*** Opening of Information supplied ***

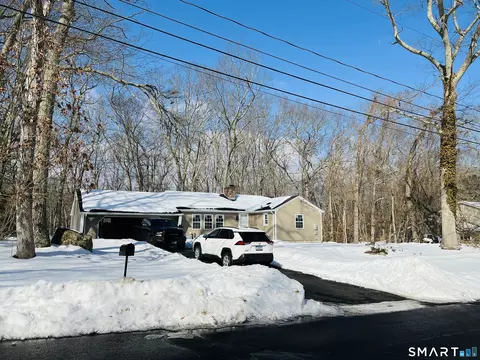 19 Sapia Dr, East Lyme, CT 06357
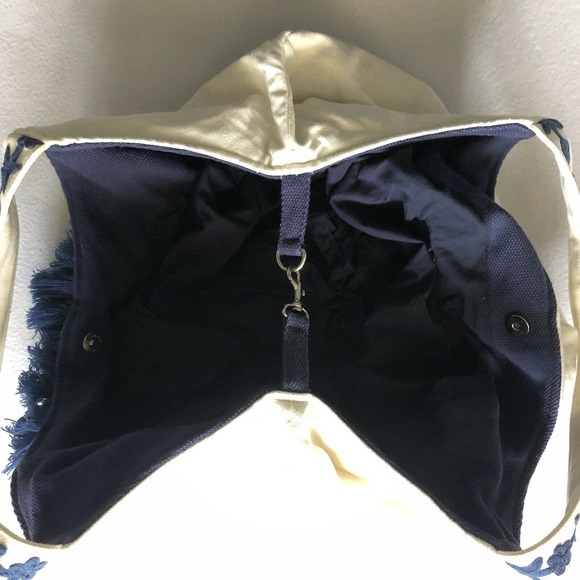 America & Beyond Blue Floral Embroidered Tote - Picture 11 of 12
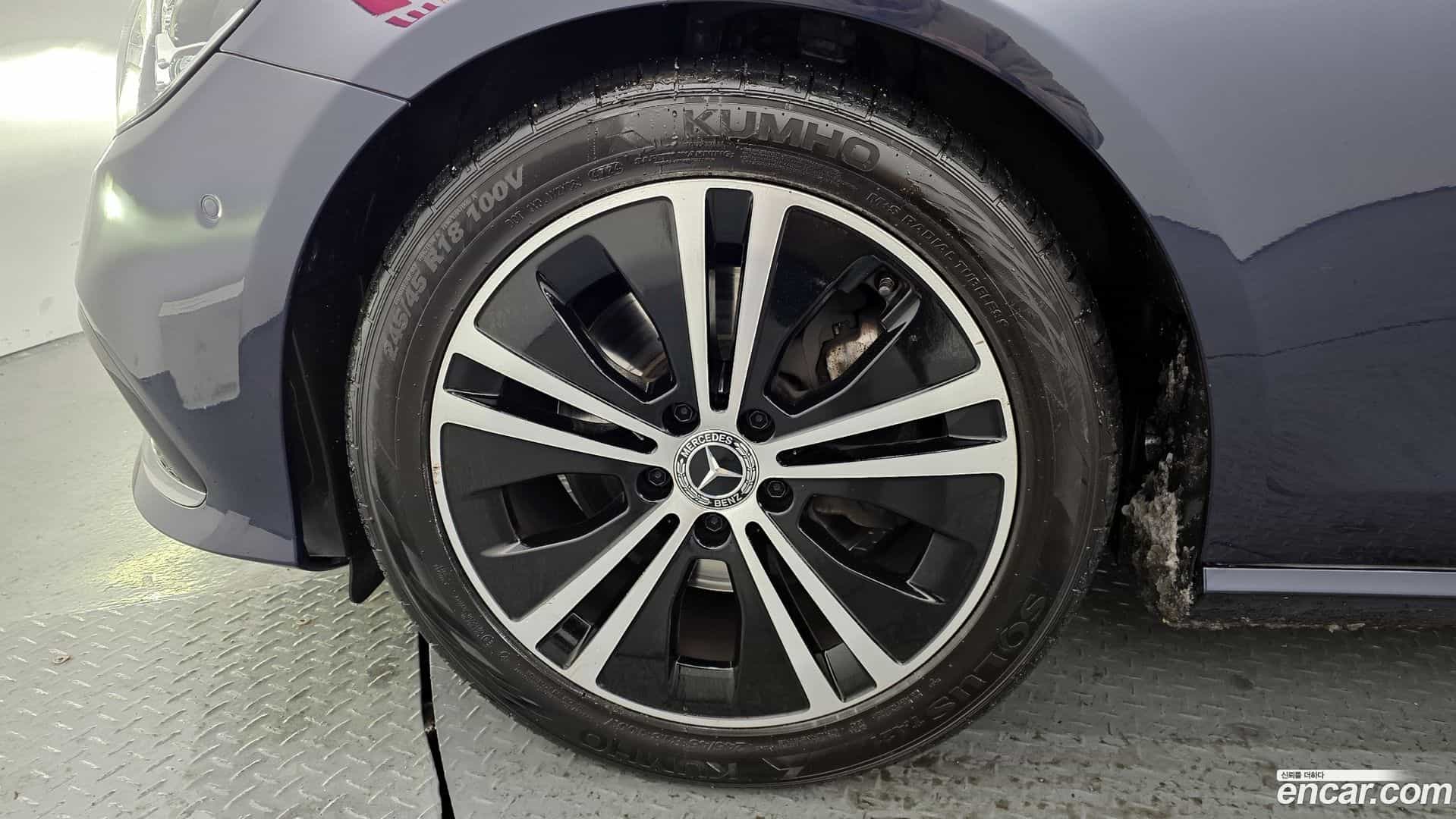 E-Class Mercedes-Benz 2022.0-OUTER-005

*** Close of Information supplied ***

→ **What you should do**
Repeat the data exactly in full, omitting its pictures.

→ **Solution for this task**
 19 Sapia Dr, East Lyme, CT 06357
 America & Beyond Blue Floral Embroidered Tote - Picture 11 of 12
 E-Class Mercedes-Benz 2022.0-OUTER-005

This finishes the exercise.